Who created MBPP and when was it released?

MBPP was introduced in the paper "Program Synthesis with Large Language Models," submitted to arXiv on August 16, 2021 (arXiv:2108.07732). ^[1] The full author list includes Jacob Austin, Augustus Odena, Maxwell Nye, Maarten Bosma, Henryk Michalewski, David Dohan, Ellen Jiang, Carrie Cai, Michael Terry, Quoc Le, and Charles Sutton. All authors were affiliated with Google Research at the time of publication. ^[1]

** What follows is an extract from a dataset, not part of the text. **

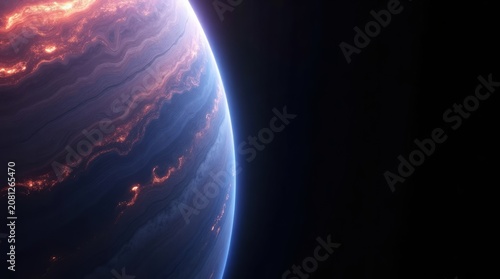 Glowing molten planet surface in deep space dark background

The paper presented two benchmarks for evaluating program synthesis: MBPP and a separate dataset called MathQA-Python (containing 23,914 problems). ^[1] The central research question was whether large language models could generate correct code from natural language specifications, and how performance scaled with model size. The authors evaluated a collection of decoder-only transformer-based language models ranging from 244 million to 137 billion parameters on both benchmarks in few-shot and fine-tuning regimes. ^[1] They found that synthesis performance scales log-linearly with model size, a finding that influenced subsequent research on scaling laws for code generation.

The motivation for creating MBPP was the absence of standardized benchmarks for evaluating natural-language-to-code synthesis at the time. While prior work had explored program synthesis in constrained domains, there was no large-scale, open dataset of simple programming tasks that could serve as a practical yardstick for general-purpose language models. The authors aimed to fill that gap with a dataset broad enough to cover fundamental programming concepts yet simple enough to be solvable by entry-level programmers.

The dataset is released under the CC-BY-4.0 license and hosted in the official Google Research GitHub repository as well as on Hugging Face Datasets. ^[11]

What is in the MBPP dataset?

The MBPP dataset contains 974 programming tasks, each consisting of three components: ^[1]

Component	Description
Task description	A short natural language prompt describing the programming problem in English
Reference solution	A self-contained Python function that correctly solves the problem
Test cases	Three assert-based test cases that verify functional correctness

Each problem is stored as a JSON object with the following fields:

Field	Type	Description
`task_id`	Integer	A unique numeric identifier for the problem
`text`	String	The natural language problem description
`code`	String	The canonical reference implementation
`test_list`	List of strings	Three assertion-based test cases
`test_setup_code`	String	Optional import statements needed for testing
`challenge_test_list`	List of strings	Additional hidden test cases (when available)

Problem Characteristics

The problems in MBPP are intentionally designed to cover fundamental programming concepts rather than advanced algorithmic challenges. The distribution of problem types breaks down approximately as follows:

Category	Approximate Share	Examples
Mathematical operations	~58%	Arithmetic, number theory, conversions
List operations	~43%	Filtering, mapping, aggregation, sorting
String manipulation	~19%	Parsing, formatting, pattern matching
Basic control flow	Varies	Loops, conditionals, recursion

Note that categories overlap because a single problem may involve both list operations and mathematical computations. Problem descriptions average approximately 15.7 words, reflecting the concise and straightforward nature of the tasks. The average number of test cases per problem is 3.1 (some problems include additional challenge test cases beyond the standard three).

Example Problems

The following examples from the dataset illustrate the range and style of MBPP tasks.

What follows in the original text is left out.